55 FF 2022 1539 56 FF 2022 1536
Ordonnance sur la protection du climat Rapport explicatif
5.4 Conséquences pour l’économie
Conformément à l’art. 5, al. 2, LCl, l’élaboration de feuilles de route pour les entreprises est facultative. Les entreprises qui établissent une feuille de route en vue d’un encouragement au titre de l’art. 6 LCl ont une charge de travail supplémentaire et des dépenses de conseil. Le processus d’élaboration de cette feuille de route et cette dernière aident les entreprises à identifier les mesures de réduction des émissions qui sont les plus efficaces et les plus tangibles à leur niveau. La mise en œuvre des mesures engendre cependant d’autres coûts. L’encouragement de technologies et de processus innovants soutient les entreprises pionnières dans leur transition. Il est proposé tant aux grandes entreprises qu’aux PME (pour ces dernières, dans le cadre d’une feuille de route pour les branches, p. ex.). Cet encouragement atténue les obstacles financiers et contribue – y compris de manière indirecte à travers le transfert des connaissances facilité par les rapports – à établir et à étendre l’utilisation des nouvelles technologies dans l’industrie. Cette démarche est indispensable pour que le secteur industriel réduise ses émissions à l’horizon 2050 d’au moins 90 % par rapport à leur niveau de 1990. De plus, les encouragements peuvent être déterminants pour les premières applications du CSC et des NET. La couverture des risques pour les réseaux thermiques et les accumulateurs thermiques de longue durée encourage leur diffusion en Suisse. Les aspects relatifs à la construction, à l’exploitation et aux coûts de stockage doivent encore être clarifiés notamment s’agissant des accumulateurs thermiques de longue durée. Grâce à la publication des principales données, les dispositions prévues facilitent également le transfert des connaissances entre les acteurs économiques. La plateforme d’adaptation améliorera la collaboration entre la Confédération, les cantons et les milieux économiques et scientifiques en matière d’adaptation aux changements climatiques. Les dispositions de l’ordonnance fournissent au secteur financier des instruments facultatifs pour évaluer sa contribution à un développement à faible taux d’émissions capable de lutter contre les changements climatiques.
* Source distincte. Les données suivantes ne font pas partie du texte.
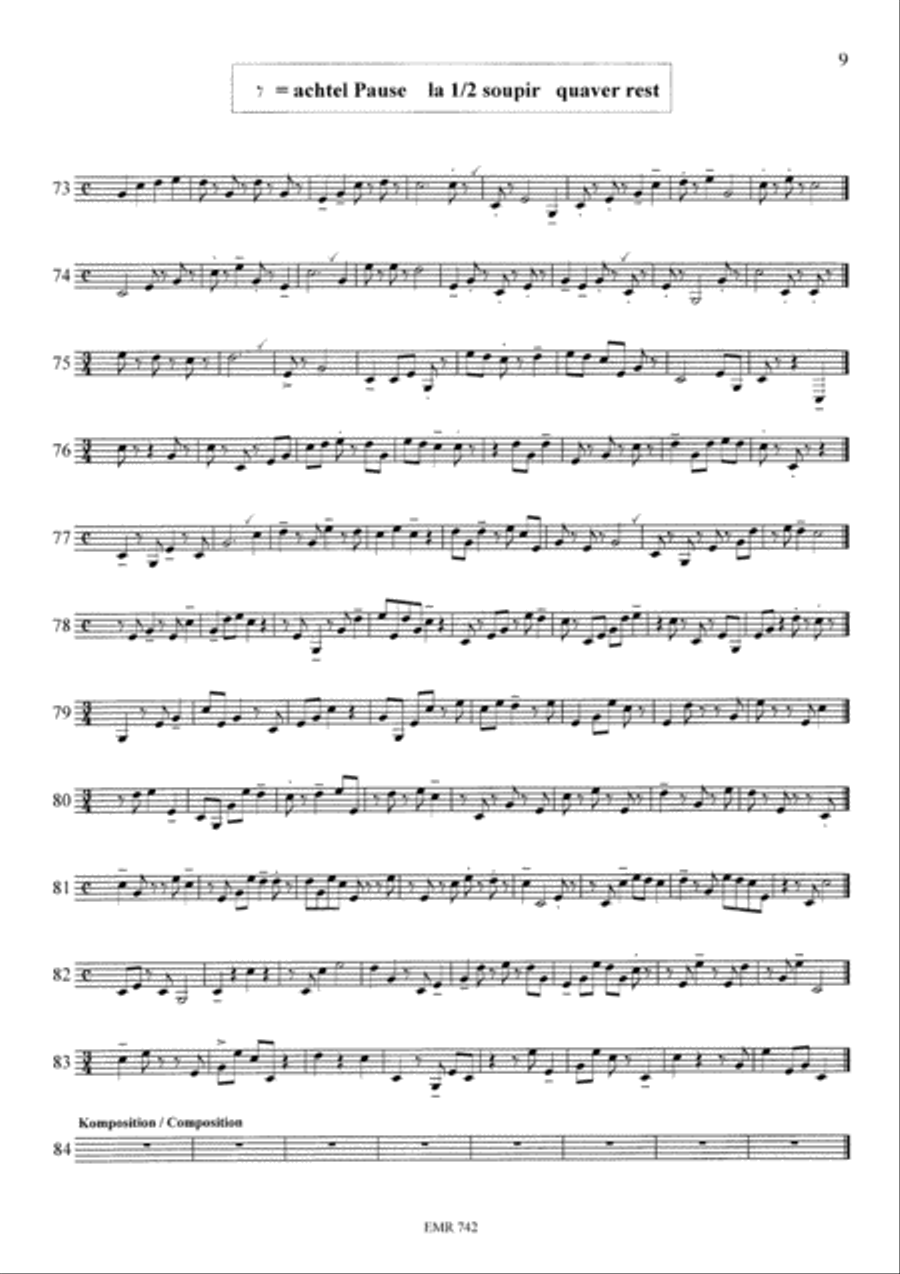 Methode de Rythme Alphorn scores gallery preview page 10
Ordonnance sur la protection du climat Rapport explicatif
6 Relation avec le droit international
L’ordonnance proposée est compatible avec les engagements internationaux de la Suisse et avec l’accord sur le climat. Conformément aux directives de la Convention-cadre des Nations unies sur les changements climatiques (CCNUCC), le transport aérien international n’est généralement pas comptabilisé dans les objectifs climatiques. En prenant en considération les émissions de ce dernier, la Suisse ouvre une nouvelle voie, qui est cependant conciliable avec les obligations internationales de rendre compte. L’intégration du trafic aérien et de ses effets climatiques dans la troposphère supérieure et la stratosphère inférieure fait également l’objet de discussions dans d’autres pays, tels que le Royaume-Uni et l’Espagne.
7 Protection des données
L’art. 40b de la loi sur le CO2 autorise les autorités fédérales ou les services et personnes compétents à consulter et à traiter des données personnelles, y compris des données sensibles concernant des poursuites ou sanctions pénales ou administratives, lorsque cela est nécessaire à l’accomplissement de leurs tâches et obligations visées dans cette ordonnance.